A Few More Thoughts
A few months back Neil asked me if I had any further thoughts regarding my hypothesis about a Simonian origin for Christianity. In March of 2019 I had revised it. I am happy to report that four years later I am still quite comfortable with the revision. To me it seems to best account for the many peculiarities of the New Testament and plausibly explains much that can be gleaned from the writings of the earliest heresy hunters. This post is just a summary with a few additional thoughts on the subject.
All Things to All
As I laid out in the series, the Simonians appear to have regularly co-opted the religious beliefs of others and twisted them to serve their own purposes. This involved injecting the object of their belief—Simon Megas—into the storylines of other religions and giving him the prominent role therein. Thus they, for example, made Zeus into Simon under another name, and Athena into Helen, Simon’s consort. Similarly, they apparently claimed that their Simon was the mysterious figure whose hidden descent was described in the Vision of Isaiah (chapters 6-11 of the Ascension of Isaiah). The main storyline of that writing is an ancient one, going back, as Richard Carrier points out in his book On the Historicity of Jesus (pp. 45-47), to the Descent of Inanna. But it too was modified along Simonian lines and dragged into their orbit. Most famously, the Simonians claimed that a Jesus who had suffered in Judaea was actually their unrecognized Simon. In short, the Simonians seem to have wanted their Simon to be all things to all men, and so gave free rein to their proclivity for appropriating and modifying the beliefs of everyone else.
The Gospel of Proto-Mark
I think that our Gospel according to Mark is a proto-orthodox reworking of an earlier Simonian version in which the Simonians were again doing their thing. I will refer to the earlier text as Proto-Mark, although it may well be the same as the mysterious Secret Mark. In it the beliefs of a group of Jews about a crucified and supposedly resurrected Jew named Jesus underwent Simonization. If I had to name its author, I would choose Basilides of Alexandria, whom even the heresy hunters acknowledge as the author of an early albeit heretical gospel. He is at the right time, the right place, had the right skills, and–most importantly—had the right mindset: delight in secrecy and enigma. This was the man who, according to Irenaeus, said “Not many can know these [teachings], but one in a thousand, and two in ten thousand,” and “Know everyone, but let none know you.”

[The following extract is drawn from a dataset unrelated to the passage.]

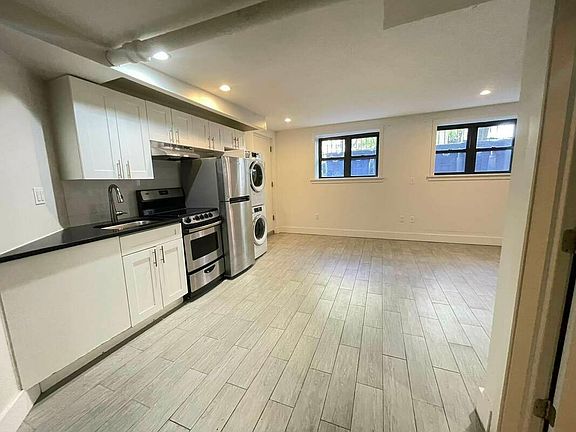 4th image of 230 E 7th St #C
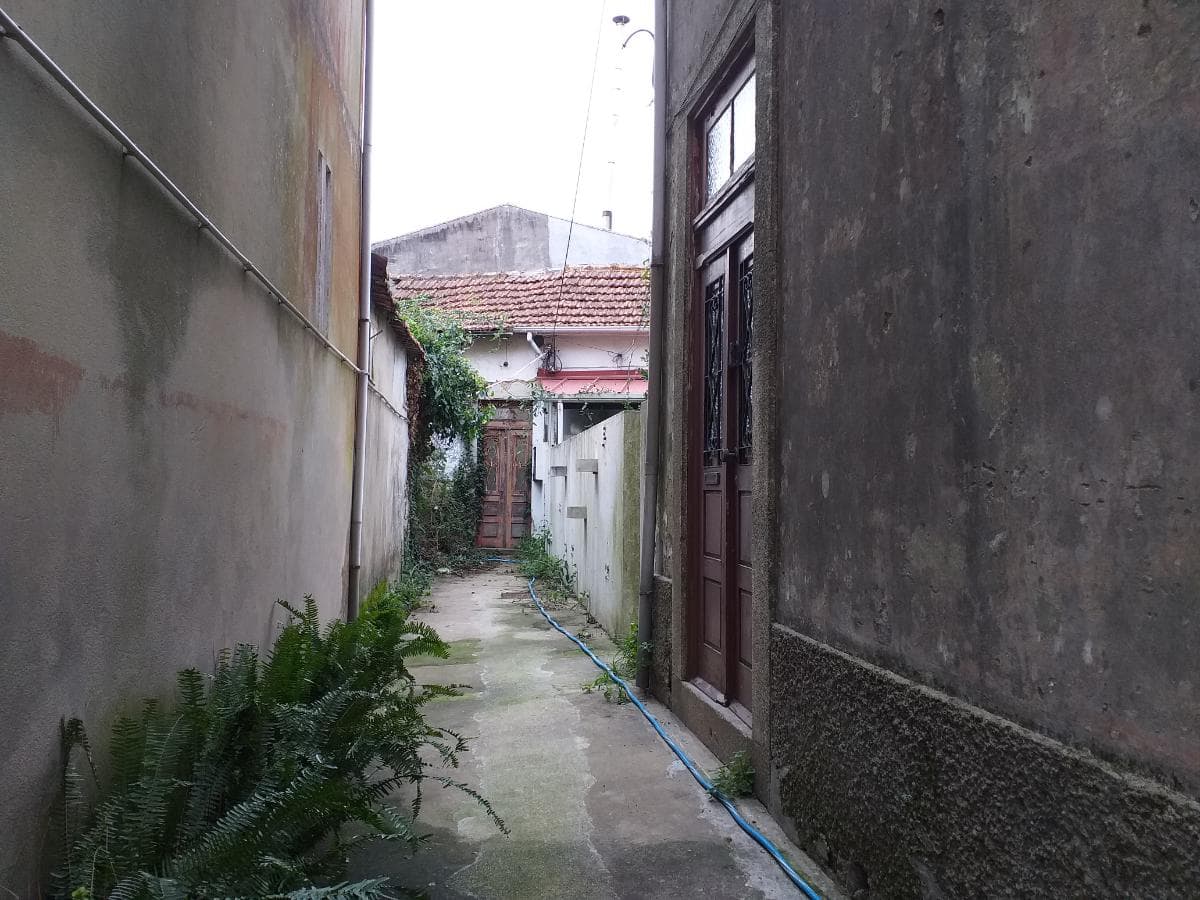 Moradia (Ruínas) · Vila Nova de Gaia — image 1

Mark owes its enigmatic nature to Proto-Mark. That is, its Simonian author intended it to be understood only by his fellow Simonians. Its “mysteries” (Mk 4:11) were deliberately hidden from those “outside” (Mk 3:32 & 4:11). The key needed for understanding the text was Simonian belief, and that was disclosed only to the initiated. There was indeed an identification secret in Proto-Mark, but I doubt it was the so-called messianic secret. The correct answer to “Who then is this whom even the wind and seas obey?” (Mk 4:41) is Simon Megas. Only later, after the Bar Kochba revolt, or whenever the proto-orthodox became aware of the text and decided to adopt and sanitize it, was the necessary changeover to a messianic secret made.
The Pauline Letters
In regard to the Pauline letters: I still see Paul as the author of some original bare-bones letters. The bulk of the letters as we now have them, however, was likely composed by a circle of Saturnilians, a community founded by the Simonian Saturnilus of Antioch. It may even be that much of the material originally had Simon in view, and that Jesus Christ, Christ Jesus, Lord Jesus, and so on were substituted when it was decided to pass the whole off as Pauline. Who was it who combined Paul’s letters with the Simonian material and formed them into a collection? My guess would be Cerdo of Syria “originating from the Simonians” (Irenaeus, Against Heresies, 1,27,1) He is from the neighborhood of Saturnilus and is the earliest figure named in connection with the letter collection. And he it would be who likely brought them to Rome shortly after the end of the Bar Kochba revolt. “Cerdo, who preceded Marcion, also joined the Roman church and declared his faith publicly, in the time of Hyginus… then he went on in this way: at one time teaching in secret, at another declaring his faith publicly, at another he was convicted of mischievous teaching and expelled from the Christian community” (Eusebius, Ecclesiastical History, 4,11).